Finance and Economic Development Minister Mthuli Ncube told a breakfast meeting to review the 2019 Monetary Policy Statement that he was currently seized with the issue of compensating white former commercial farmers, describing the issue as “a bigger elephant in the room.”
“I must say that is an issue that I am currently seized with and I am very pleased to say that we as Government have made a lot of progress,” said Minister Ncube.
“First of all, the farmers themselves have made a lot of progress as they now have a figure of what they want to be compensated for improvements. And on our side as Government we have done valuations for nine provinces and we know the values of the improvements and we are using the same methodology. So we have covered nine provinces and what’s left is Mashonaland East, which we have run up to around 70 percent. We should be able to conclude the evaluations by end of March.
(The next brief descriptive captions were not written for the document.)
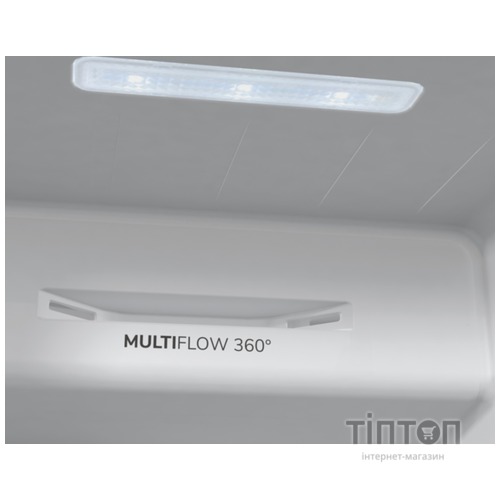 Холодильник GORENJE NRR9185EAXL (HZF5508UEB)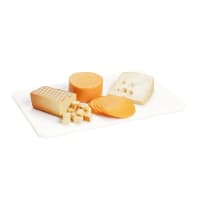 Carlisle Poly Cutting Board - 15x20x1/2" White (1088402)
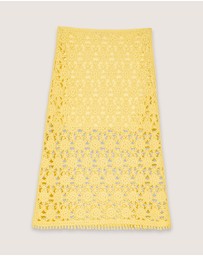 Maje - Jully Skirt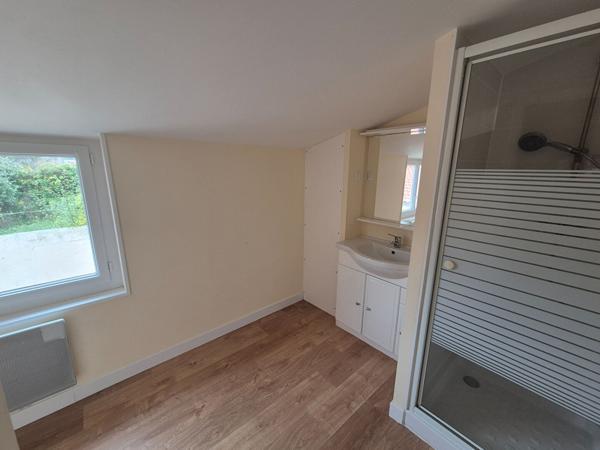 Maison 145 m² habitables 4 chambres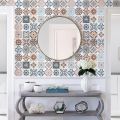 Tile Sticker For Kitchen waterproof.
Section 295(1) of the Constitution stipulates that compensation for acquired agricultural land will be by done by the State.
And in the 2019 National Budget, Minister Ncube set aside US$53 million towards compensation for farmers displaced following the land reform programme.
He, however, admitted that Zimbabwe does not have the capacity to finance the compensation bill which runs into billions of dollars and the US$53 million was just to show commitment to this obligation. “In the agricultural sector we have created a dead asset in the form of land, and we need to turn it into a productive asset. It has two sources of value, there is intrinsic value of the asset itself and then there is the productive value in terms of what you plant.
“One of the issues that needs to be dealt with is the issue of 99-year leases, there are still some work to do to close that off. That needs to be sorted because without 99-year leases we can’t create enough cover in terms of property rights for banks to extend credit to farmers on the back of the 99-year leases,” said the Finance Minister.
All things being equal, the new 99-year leases should have the same tradeability as previous title deeds for commercial farms, which will allow them to be negotiable on the land market.
Although the Government has since announced significant improvements on the 99-year leases to enhance the security of tenure of the lease and making it bankable and transferable, their use appears to have been hindered by the lack of an effective land market, which will ensure that banks can easily trade the title deeds to recover loans in case of defaults.